I fear that Mr. Evans-Pritchard is indulging in a bit of intellectual foppery. Here’s what he wrote in his original April 9, 1995, story: “In an interview, he [Trooper Roger Perry] estimated the call at 5:15 PM—or 6:15 PM in Washington, D.C., very shortly after the Park Police first discovered the body….
“‘She was kind of hysterical, crying, real upset,’ said Perry. ‘She told me that Vince got off work, went out to his car in the parking lot, and shot himself in the head.’

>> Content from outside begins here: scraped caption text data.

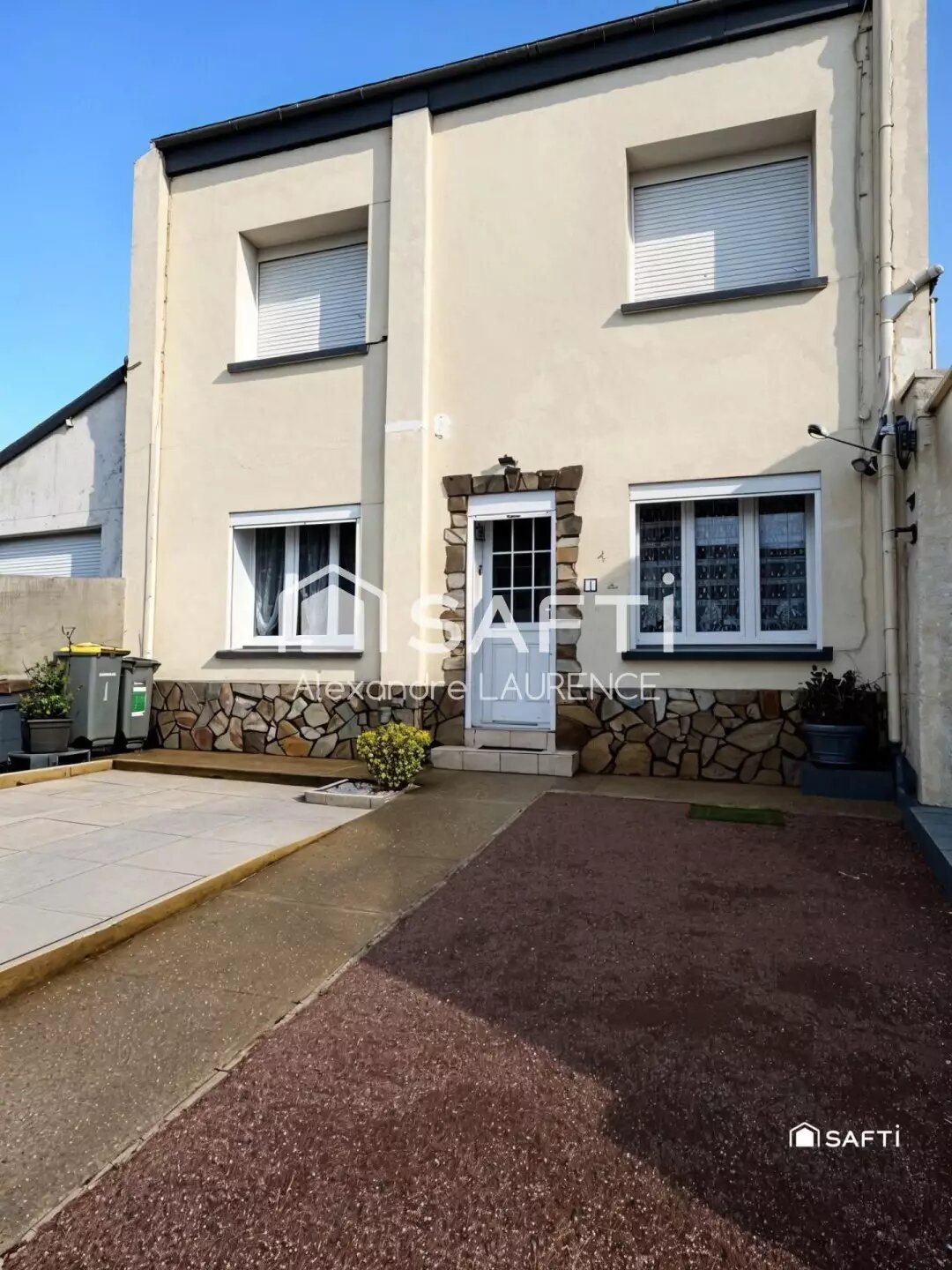 Maison à vendre, 80m², Fauquembergues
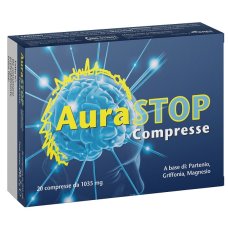 AURASTOP 20CPR AURASTOP 20CPR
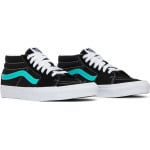 Кеды Vans Sk8-Mid Classic Sport, черный - фото 8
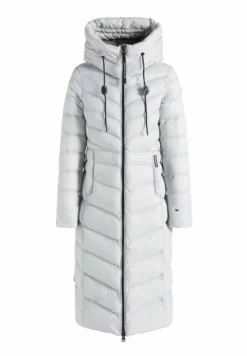 Top 10 😉 Khujo INGRAM SHINE - Wintermantel - Hellgrau, Damen ⌛ -Khujo Exquisiter Laden 2666191f2c744e11a16cf27344297466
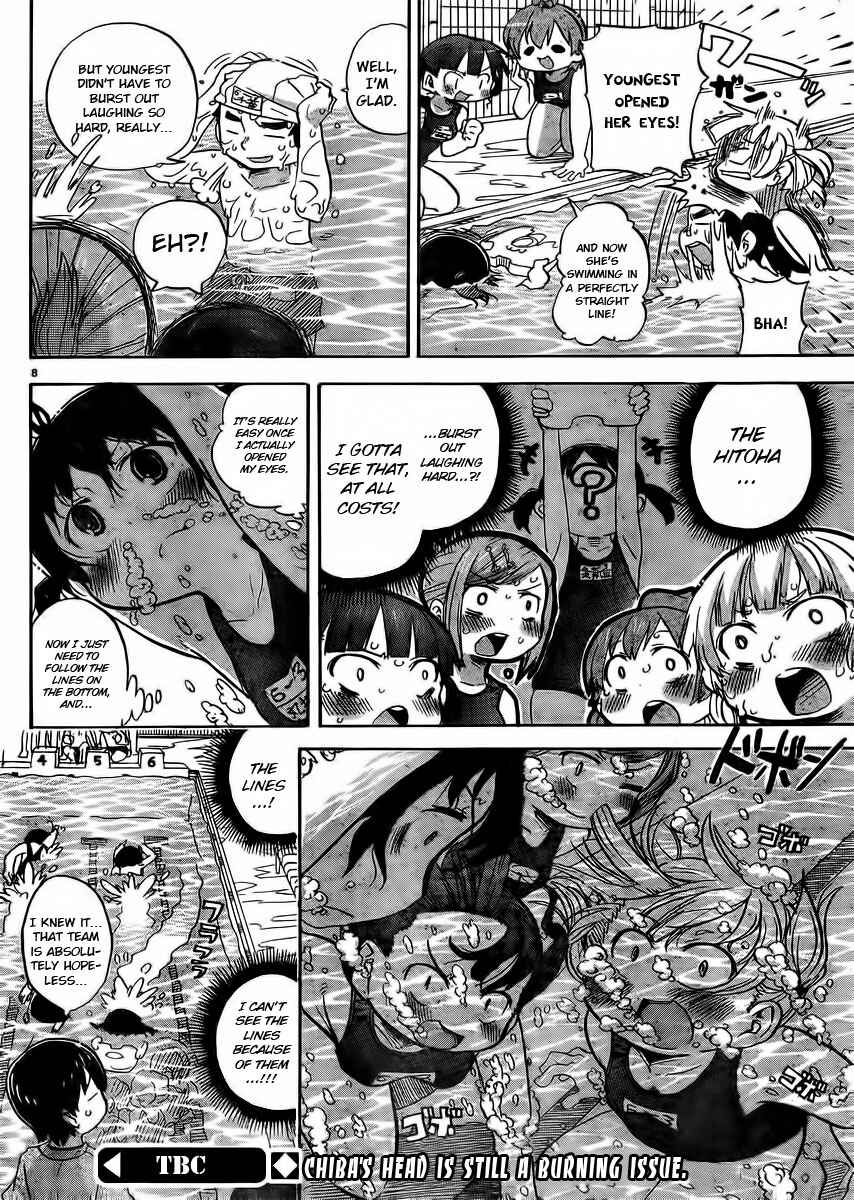 Page 11 Chapter 233 Mitsudomoe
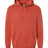 Independent Trading Co. Men's Midweight Pigment-Dyed Hooded Sweatshirt-1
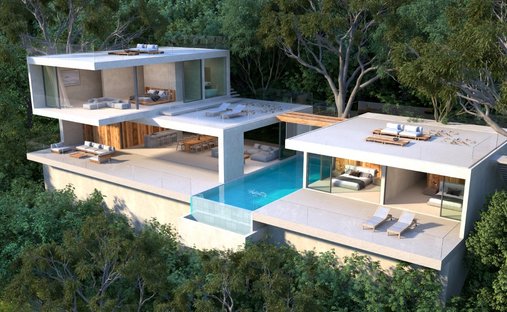 Villa a Koh Samui, Provincia di Surat Thani, Thailandia 1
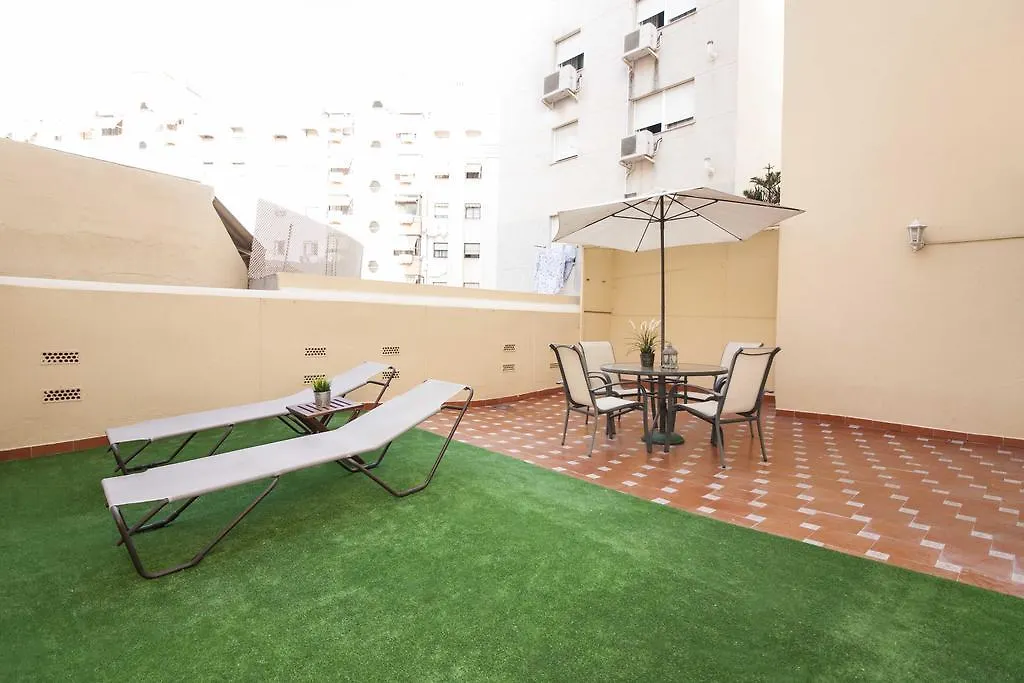 Toros Freshapartments By Bossh! Apartments Malaga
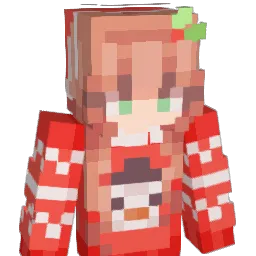 Kitty666x's Minecraft skin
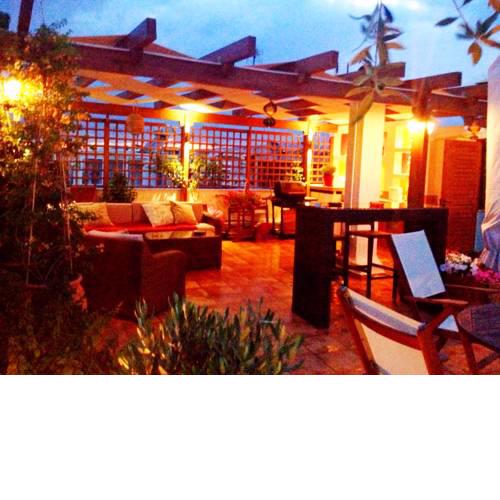 Cozy apartment near Acropolis with roof garden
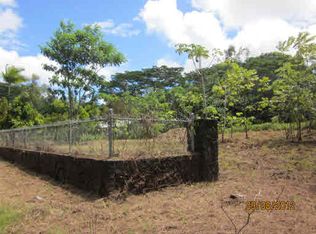 28th Ave LOT 289, Keaau, HI 96749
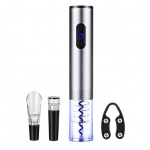 Automatic and electric wine opener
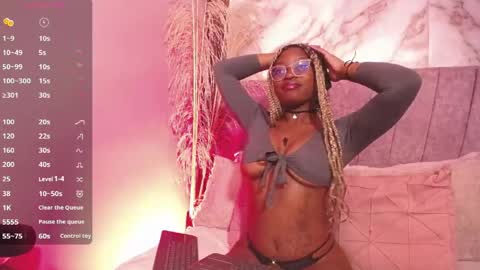 Snapshot of candy_williamss chatting on 8, 5, 2026 cataleya online show from 8, 5, 2026
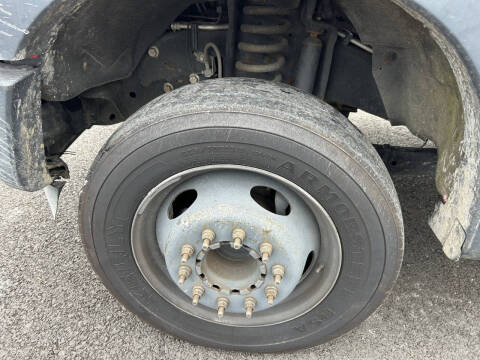 2016 Ford F-550 Super Duty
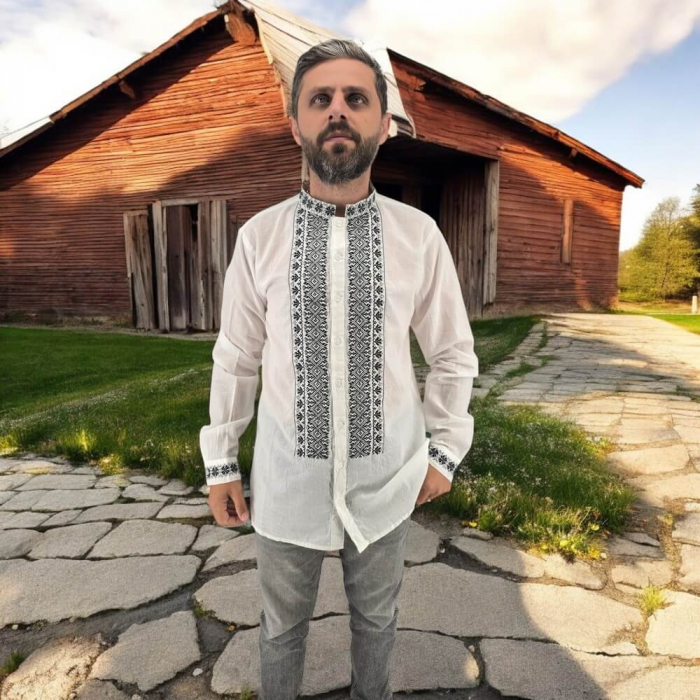 Camasa Traditionala Adrian 3 [1]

“The wording is significant. It is very similar to the Secret Service memorandum on the night of the death which reported that the ‘US Park Police discovered the body of Vincent Foster in his car.’ The memorandum was wrong, of course. Or was it? When rescue workers and Park Police found the body after a telephone tip-off at 6:03 PM Foster’s corpse was deep inside a Virginia park. But the body-in-the-car version was the first one circulating in the White House that night…. [my italics]

“If the White House received an early warning about Foster’s death, why would it have been covered up?”

Evans-Pritchard’s insinuation could hardly be clearer. Unaware of the latest trends among Vince Foster conspiracy theorists, I can’t think why he now chooses to deny it. Republicans, it should be added, chose not to bring troopers Perry and Patterson before the Senate Whitewater committee after their attorney canceled two scheduled depositions. The senators no doubt recognized that the troopers’ twenty-month delay in “remembering” Helen Dickey’s call gave them a bit of a credibility problem. Danny Wattenberg, one of the American Spectator reporters on the original “Troopergate” story written five months after Foster’s suicide, has told me that Perry and Patterson never mentioned it to him.

There’s also a problem about Perry’s original time estimate. At 5:15 PM Park Police had been on the scene in Fort Marcy Park for only six minutes and hadn’t yet discovered Foster’s identity. Ms. Dickey has since testified that her call to the Arkansas Governor’s Mansion was made after 10:00 PM, and she was backed in this statement by other witnesses.